I would not expect that module to be horribly complicated and if you can
get to the components, it should be fixable. Lack of docs would make it
harder, but probably not impossible. Also, there are shops that sell
idle control modules. These guys advertise some: http://www.weldtron.com
BobH
Best Regards,
Ray R
"Grant Erwin" <gr...@NOSPAMkirkland.net> wrote in message
news:4754c163$0$25979$8826...@free.teranews.com...
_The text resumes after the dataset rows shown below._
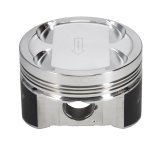 Manley 03-06 Evo 8/9 (7 Bolt 4G63T) 86.5mm +1.5mm Over Bore 8.5/9.0 -12cc Dome Pistons w/ Rings thumbnail 8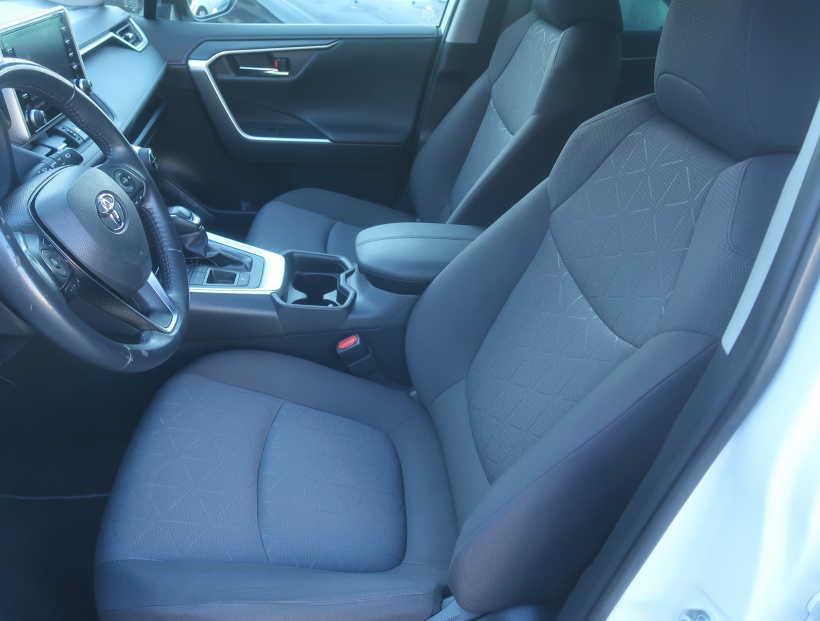 Toyota RAV 4, 2021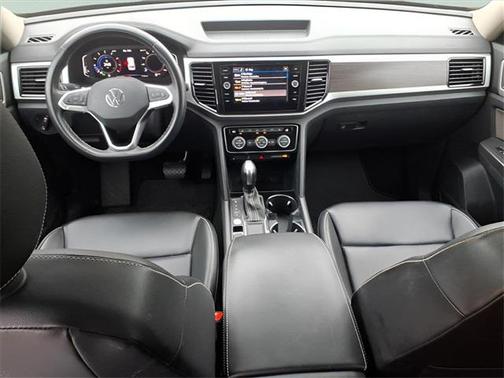 2022 Volkswagen Atlas 3.6L SE w/Technology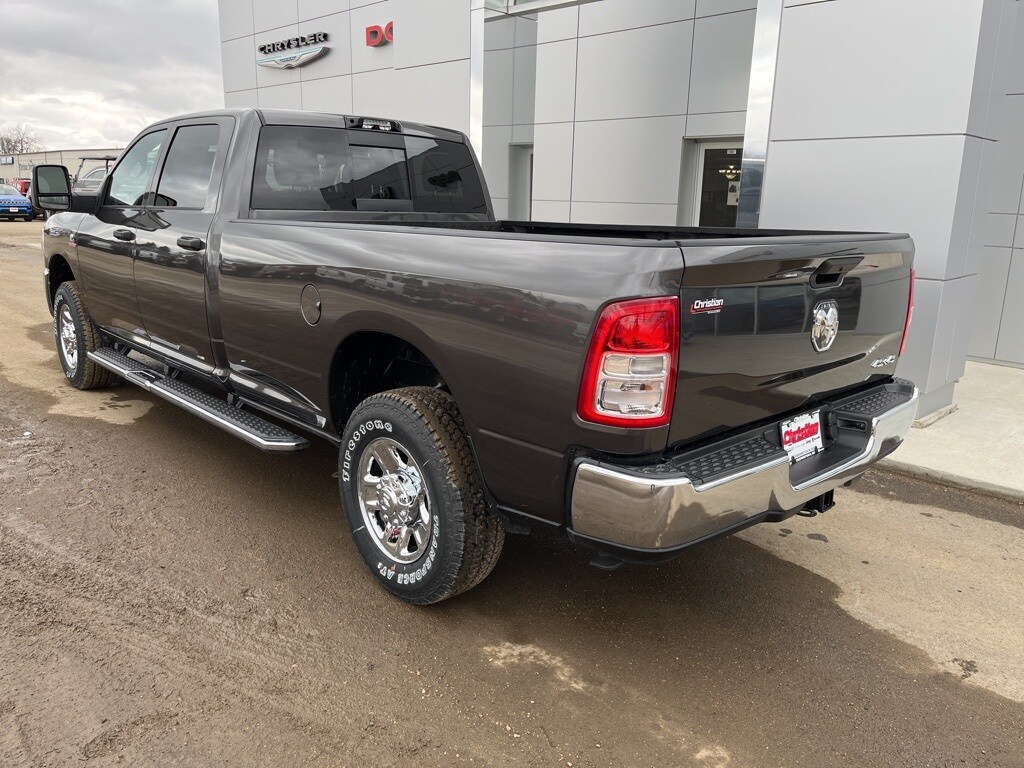 New 2024 Ram 2500 TRADESMAN CREW CAB 4X4 8' BOX For Sale Cooperstown ND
> I have an old Miller welder with a bad idle control module. It's supposed
> to energize an electromagnet-type (pull) solenoid mounted on the carburetor
> which pulls the governor arm to the idle position, and to sense when there
> is weld current, in which case it deenergizes the idle solenoid. The idle
> solenoid still works. The bad part is obsolete and unobtainable.
>
> I'm wondering if there isn't a way I could rig a remote switch to turn on
> or off that solenoid by hand. It would be a pain, but better than having
> no idle control at all.
>
> Ideas?
>
> Grant Erwin
Precision Welder Repair has a shop in Portland they send broken obsolete
boards to for component level repairs.
We had some boards from South Seattle repaired there.
--
Steve W.
Near Cooperstown, New York
Life is not like a box of chocolates
it's more like a jar of jalapenos-
what you do today could burn your ass tomorrow!
Jon
Jon
It's potted, and weldtron discontinued their Miller II board. :-(
Grant
I know guys who do board level work too. But this one is a module, potted in
epoxy. Later Miller boards were open i.e. repairable.
Grant
Can you cut the epoxy off from around the module so that you can get into
it?
You could always reseal with a fresh tube of epoxy later.
Just a thought.
"Grant Erwin" wrote...
And 'course this only works on AC! Unless the leading edge of the DC
current is sharp enough to give you a pulse the could pick a relay that
would then be latched until a negative pulse on the trailing edge.
Probably not reliable enough.
Bob
There is already a weld current sensing transformer in place. I'm pretty
sure it works. It would be more of an electronics project than this thing
merits, though.
I would have thought by now that you could buy a generic infrared remote
controlled switch in about 100 different configurations for about a buck,
but nobody seems to.
I'm still probably going to cobble up a wired remote idle control toggle
switch and tape it to the handle of my stinger. If I'm up on scaffolding
and stop welding for 10 minutes to fit a part and then weld it in for 2
minutes it would be trivial to flick a switch, lot easier than climbing
down the scaffolding, walking over to the welder, etc.
Grant
> Sounds like a mess, Grant.
>
> Can you cut the epoxy off from around the module so that you can get into
> it?
>
> You could always reseal with a fresh tube of epoxy later.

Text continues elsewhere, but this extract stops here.